DMMTA

Clinical data
- Other names: DMMTA; N,N-Dimethyl-4-MTA; 4-Methylthio-N,N-dimethylamphetamine; 4-MTDMA; PAL-1062; PAL1062
- Drug class: Monoamine releasing agent; Monoamine oxidase inhibitor; Entactogen
- ATC code: None;

Identifiers
- IUPAC name N,N-dimethyl-1-(4-methylsulfanylphenyl)propan-2-amine;
- PubChem CID: 46882974;
- ChemSpider: 24657499;
- ChEMBL: ChEMBL1078835;

Chemical and physical data
- Formula: C_{12}H_{19}NS
- Molar mass: 209.35 g·mol^{−1}
- 3D model (JSmol): Interactive image;
- SMILES CC(CC1=CC=C(C=C1)SC)N(C)C;
- InChI InChI=1S/C12H19NS/c1-10(13(2)3)9-11-5-7-12(14-4)8-6-11/h5-8,10H,9H2,1-4H3; Key:NFRBJBFYUNQIQP-UHFFFAOYSA-N;

= N,N-Dimethyl-4-methylthioamphetamine =

N,N-Dimethyl-4-methylthioamphetamine (DMMTA or N,N-dimethyl-4-MTA; code name PAL-1062), also known as 4-methylthio-N,N-dimethylamphetamine (4-MTDMA), is a monoamine releasing agent (MRA) of the amphetamine family related to 4-methylthioamphetamine (4-MTA) and 4-methylthiomethamphetamine (4-MTMA or NMMTA).

It has been described as an MRA of serotonin and dopamine that lacks induction of aortic contraction in vitro and hence may lack concomitant norepinephrine release (i.e., it may be a serotonin–dopamine releasing agent (SDRA)). However, EC_{50} values for monoamine release by 4-MTDMA were not reported. 4-MTDMA is a partial releaser of serotonin rather than a full releaser, with a maximal efficacy for induction of serotonin release of either 25% or 50% relative to the full serotonin releasers MDMA or para-chloroamphetamine (PCA).

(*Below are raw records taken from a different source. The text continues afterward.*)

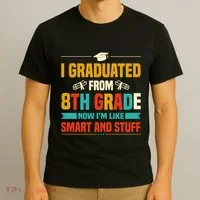 I Graduated From 8th Grade Now Im Like T-Shirt thumb 3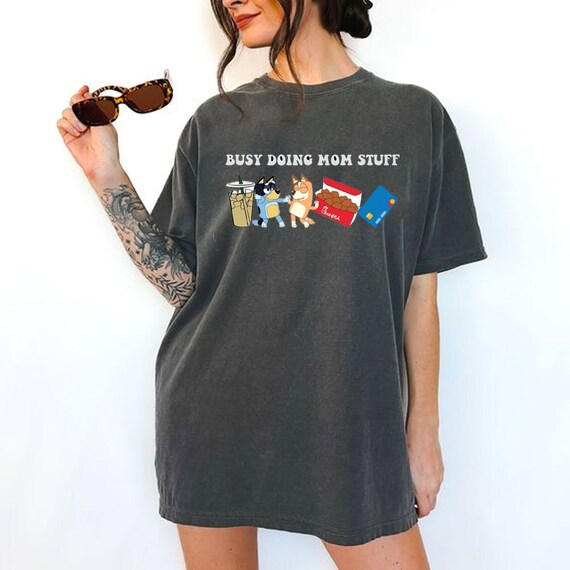 Comfort Colors - Busy Doing Mom Stuff T-Shirt, Bluey Mom Shirt, Mothers Day Shirt, Gift For Mom, Bluey Family, Mom Life Shirt, Funny Mom Tee
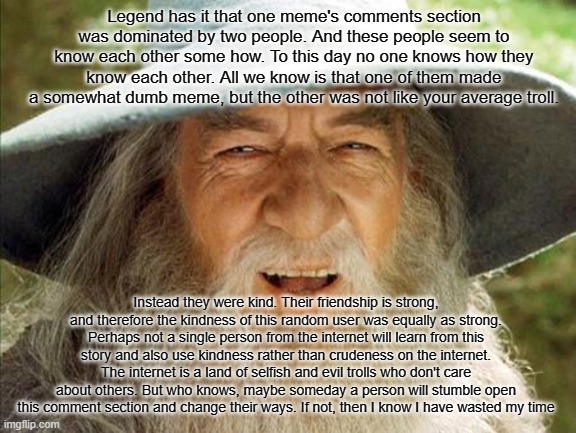 A Wizard Is Never Late | Legend has it that one meme's comments section was dominated by two people. And these people seem to know each other some how. To this day n | image tagged in a wizard is never late | made w/ Imgflip meme maker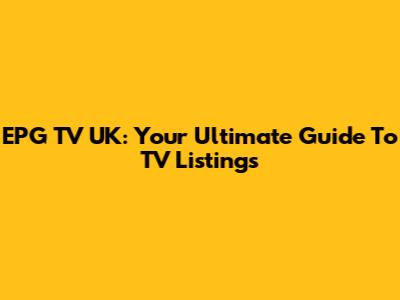 EPG TV UK: Your Ultimate Guide To TV Listings
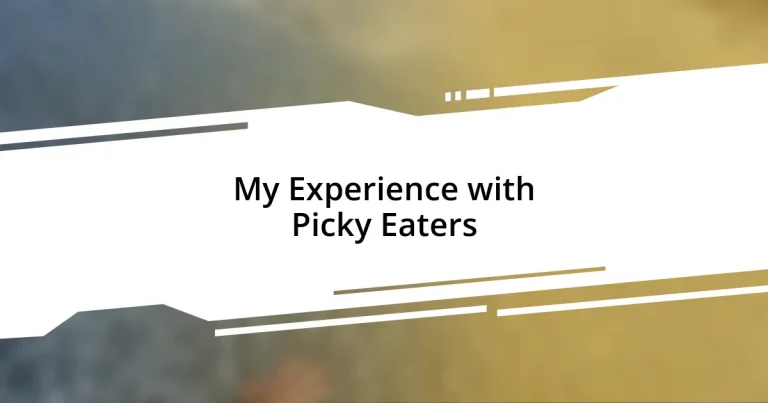 My Experience with Picky Eaters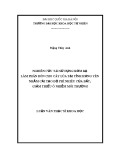 Luận văn Thạc sĩ Khoa học: Nghiên cứu tái sử dụng rơm rạ làm phân bón cho cây lúa tại tỉnh Hưng Yên nhằm cải tạo độ phì nhiêu của đất, giảm thiểu ô nhiễm môi trường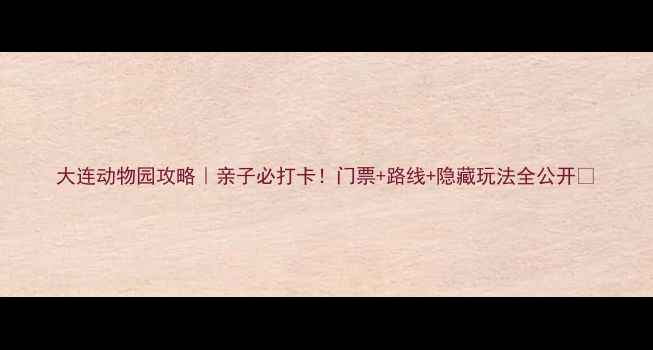 大连动物园攻略亲子必打卡门票路线隐藏玩法全公开
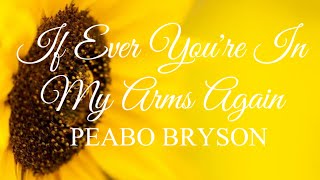 IF EVER YOURE IN MY ARMS AGAIN LYRICS by peabo bryson.1980's..#ifeveryoureinmyarmsagain #peabobryson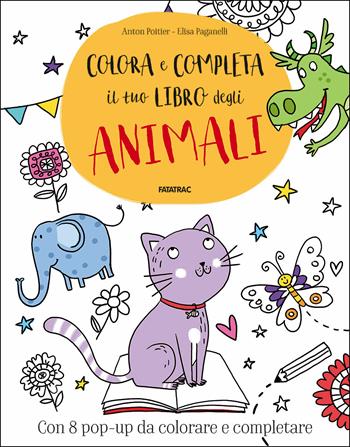Colora e completa il tuo libro degli animali - Anton Poitier - Libro Fatatrac 2018, Fuori collana | Libraccio.it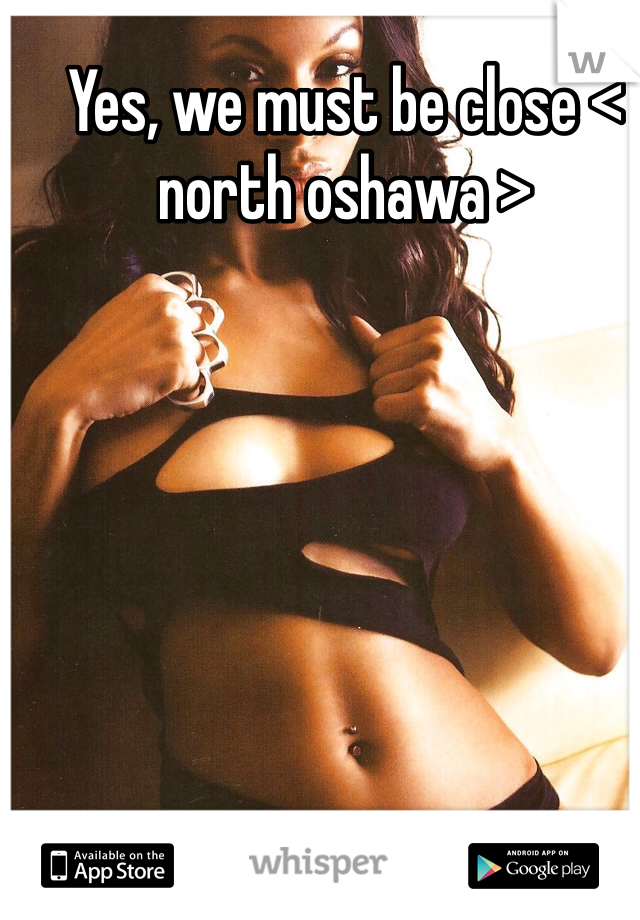 Yes, we must be close < north oshawa >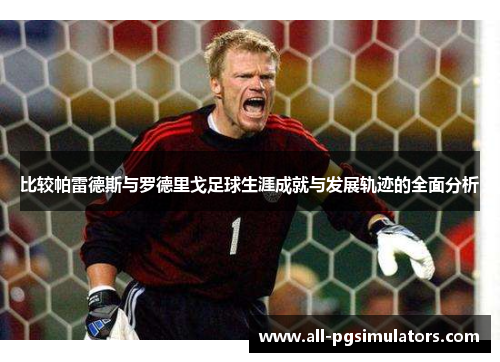 比较帕雷德斯与罗德里戈足球生涯成就与发展轨迹的全面分析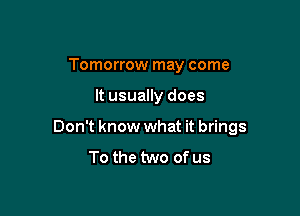 Tomorrow may come

It usually does

Don't know what it brings

To the two of us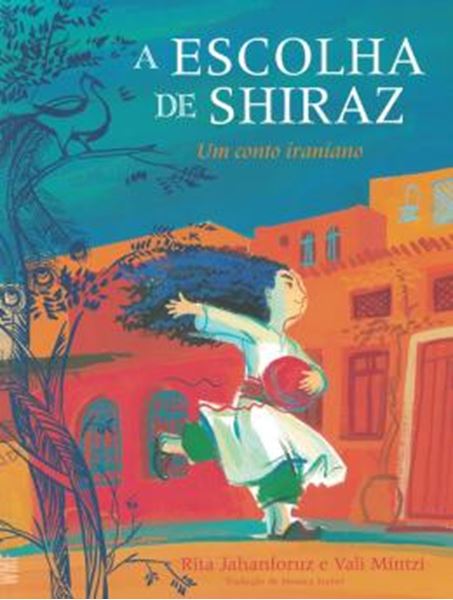 Picture of A ESCOLHA DE SHIRAZ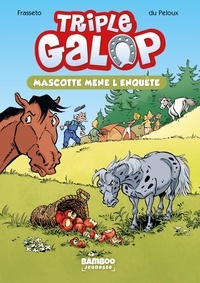 Benoît Du Peloux - Triple galop Tome 1 : Mascotte mène l'enquête.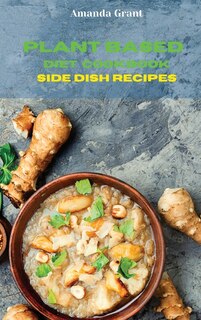 Plant Based Diet Cookbook Side Dish Recipes: Quick, Easy And Delicious Recipes For A Lifelong Health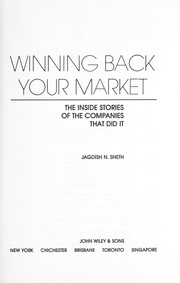 Winning back your market : the inside stories of the companies that did it /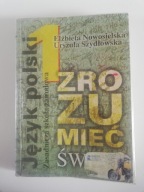 Język polski 1. Pomóc zrozumieć świat. Poradnik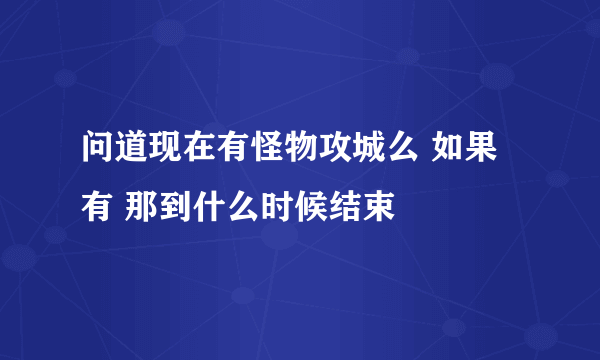 问道现在有怪物攻城么 如果有 那到什么时候结束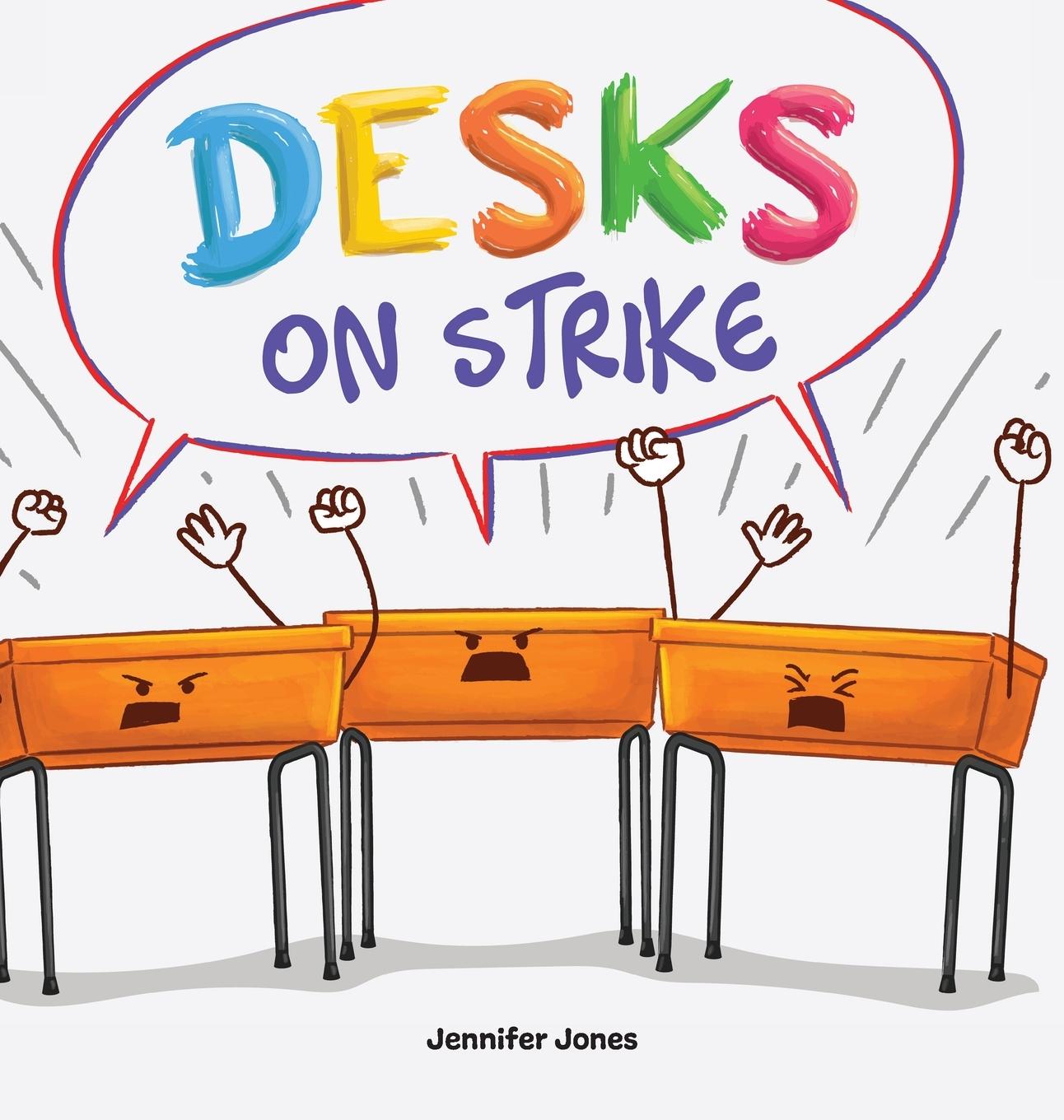 Knjiga Desks on Strike Jennifer Jones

In addition to its MRA activity, 4-MTDMA is a fairly potent monoamine oxidase A (MAO-A) inhibitor, with an IC_{50} of 2,100 nM. Potent monoamine oxidase inhibition by amphetamines has been associated with dangerous and sometimes fatal toxicity in humans.